At this stage, moreover, the phenomenon is not generally regarded as “systemically significant”. If the price collapses, it is very unlikely to cause wider economic damage, except perhaps as the spark for a more broadly-based asset sell-off. This might change as Bitcoin goes mainstream; the Chicago Mercantile Exchange plans to start trading Bitcoin futures by the end of the year, a key step in opening up the market to institutional investors. Yet, for the moment, it’s not big enough in itself to cause extensive damage. What’s more, there’s very little evidence of “leverage” in Bitcoin trading; things only get really dangerous when investors start borrowing to buy. Bitcoin is also far too volatile to act as a credible alternative means of exchange. As such, it is not really a currency at all, but no more than a mechanism by which wealth is transferred from the many (the new fools) to the few (the older ones).

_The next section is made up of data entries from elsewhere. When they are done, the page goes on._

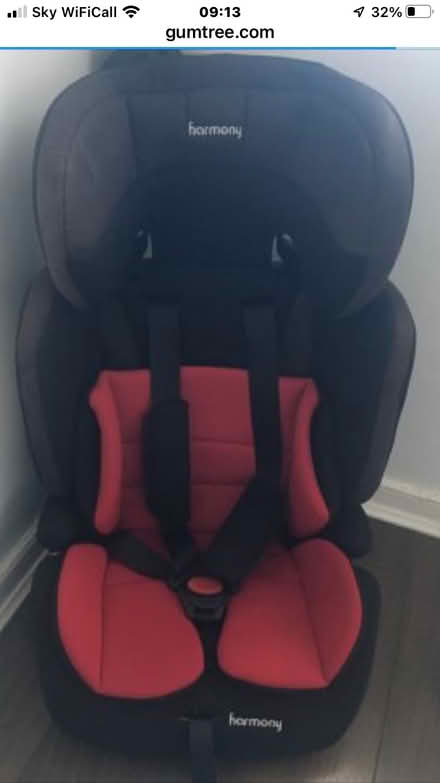 Photo of free Harmony car seat (Westerhope) #1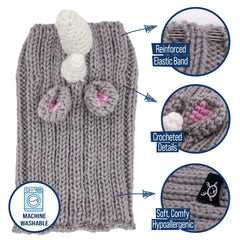 Rhino dog snood features and benefits
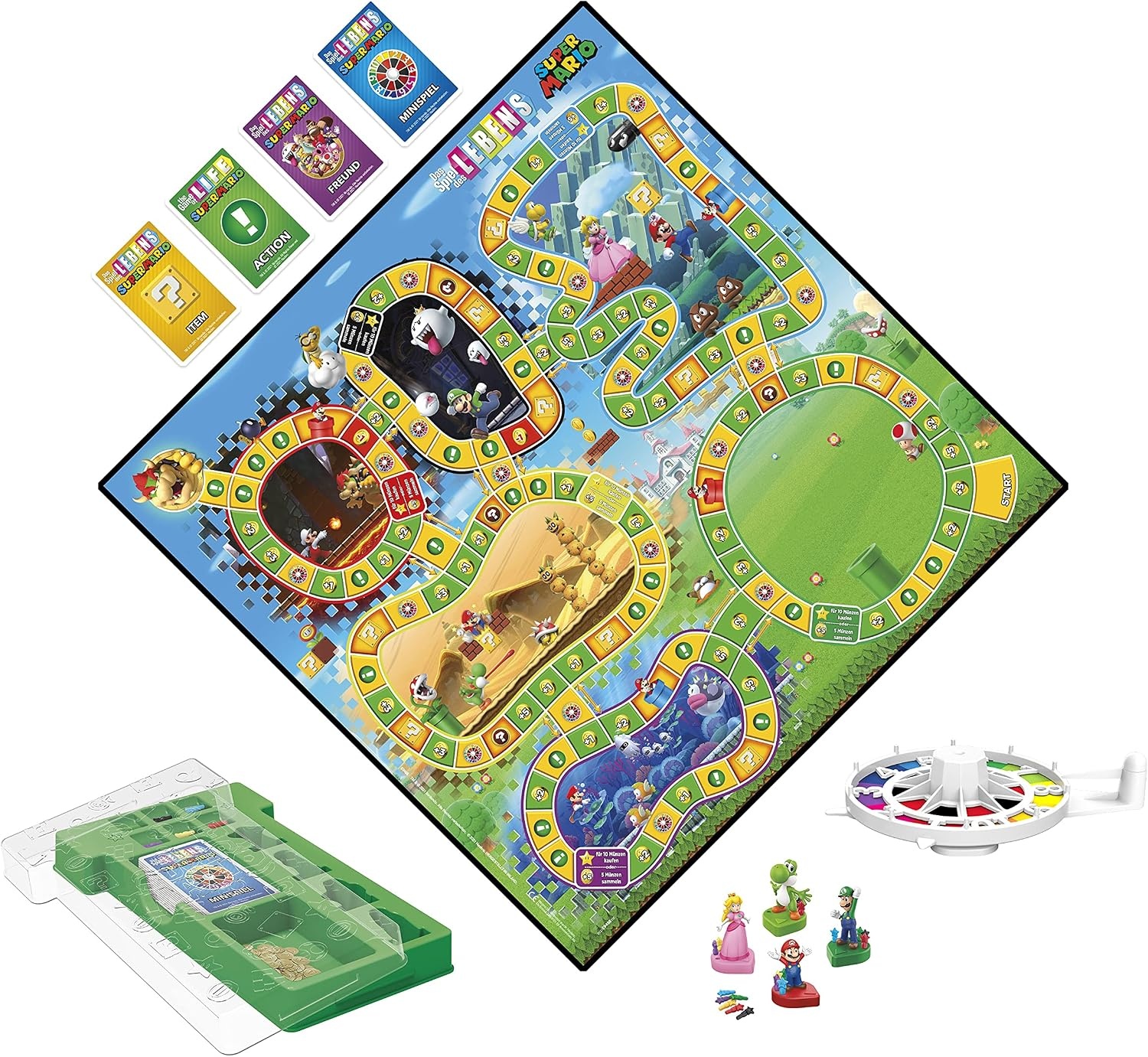 Hasbro Gaming Hasbro Spel van het Leven Super Mario | E9488100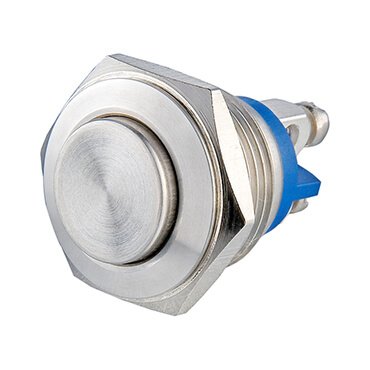 3- Stainless Steel 16mm Anti Vandal Switch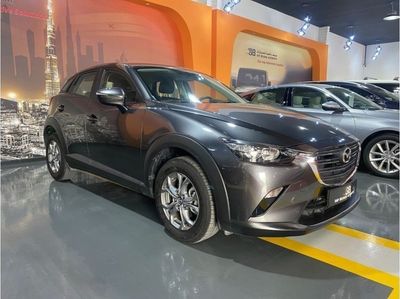 مازدا CX3 1,400. درهم إماراتي @ 0% DP | مازدا CX 3 2024 | 2.0 لتر | جي تي (دفع أمامي) | دول مجلس التعاون الخل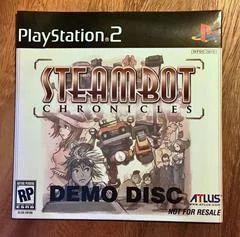 Carátula de Steambot Chronicles [Demo Disc]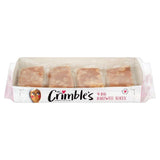 Mrs Crimble's Gluten Free Bakewell Slices   4 x 50g GOODS M&S   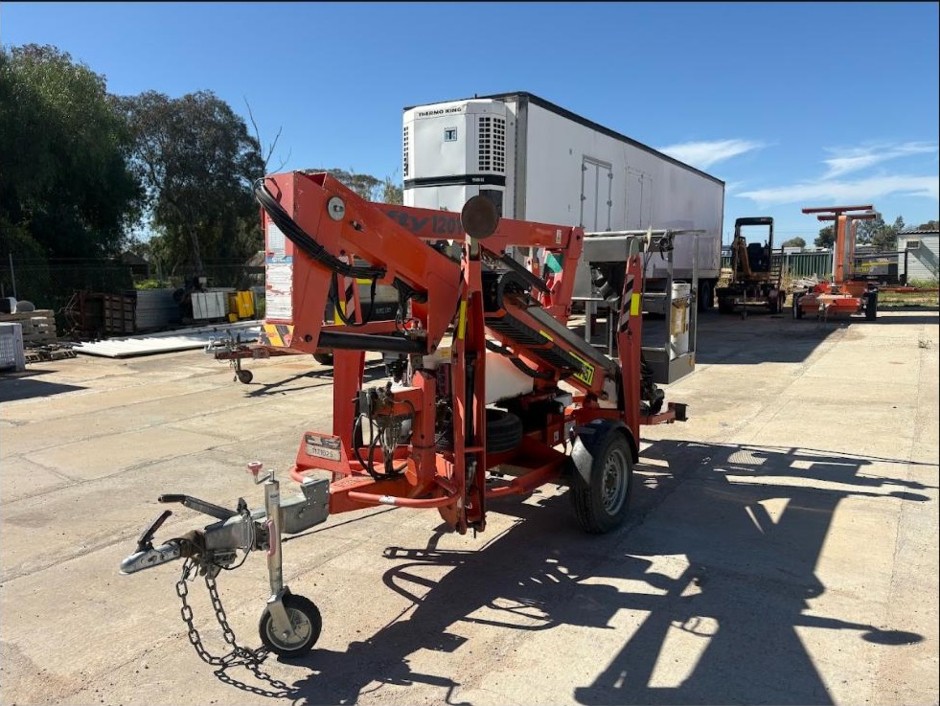 <p>2016 Nifty 120TPE Trailer Mounted Boom **Mildura VIC**</p>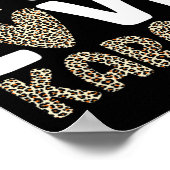 Karate Art for Men Women Kinder Kampfkunst Black B Poster (Ecke)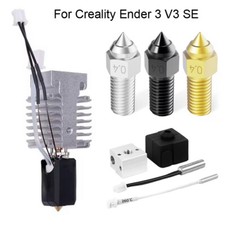 Hot End Hotend Extruder Nozzle Kits for Creality Ender 3 V3 SE 3D Printer Parts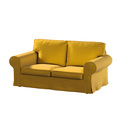 Ektorp 2-Sitzer Sofa Bett, Model after 2012 Bezug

But nor can it be lightly dismissed as just another passing fad. Bitcoin is very much part of one of the great defining characteristics of our age — loss of trust in established institutions, or in this case, fiat currencies. Crypto-currencies such as Bitcoin are what Mervyn King, former governor of the Bank of England, has called “digital gold”. They appeal to those who distrust governments and banks to manage the supply of money soundly. The financial crisis taught us that banks are not to be trusted to keep our money safe; subsequent money printing by central banks has further undermined faith in its intrinsic value, distorting capital allocation and driving an indiscriminate surge in asset prices, including, ironically, Bitcoin.
So intrigued is the Bank of England by the Bitcoin phenomenon that as part of its ‘One Bank Research Agenda’ it has commissioned an in-depth study on the practicalities and consequences of launching its own e-money system, in competition to Bitcoin but using the same “blockchain”, distributed ledger technology.
Already, it might be said, we are well on the way to purely digital money. For many of us, cash is fast becoming redundant. The advent of central bank digital currencies would be a further leap into the future, potentially rendering the traditional bank account obsolete, and making money-free transactions — essentially barter — perfectly possible. In any case, technology is likely to prove just as disruptive of conventional money systems as it is of everything else, perhaps more so. Bitcoin is the outrider; we know not where it might lead us.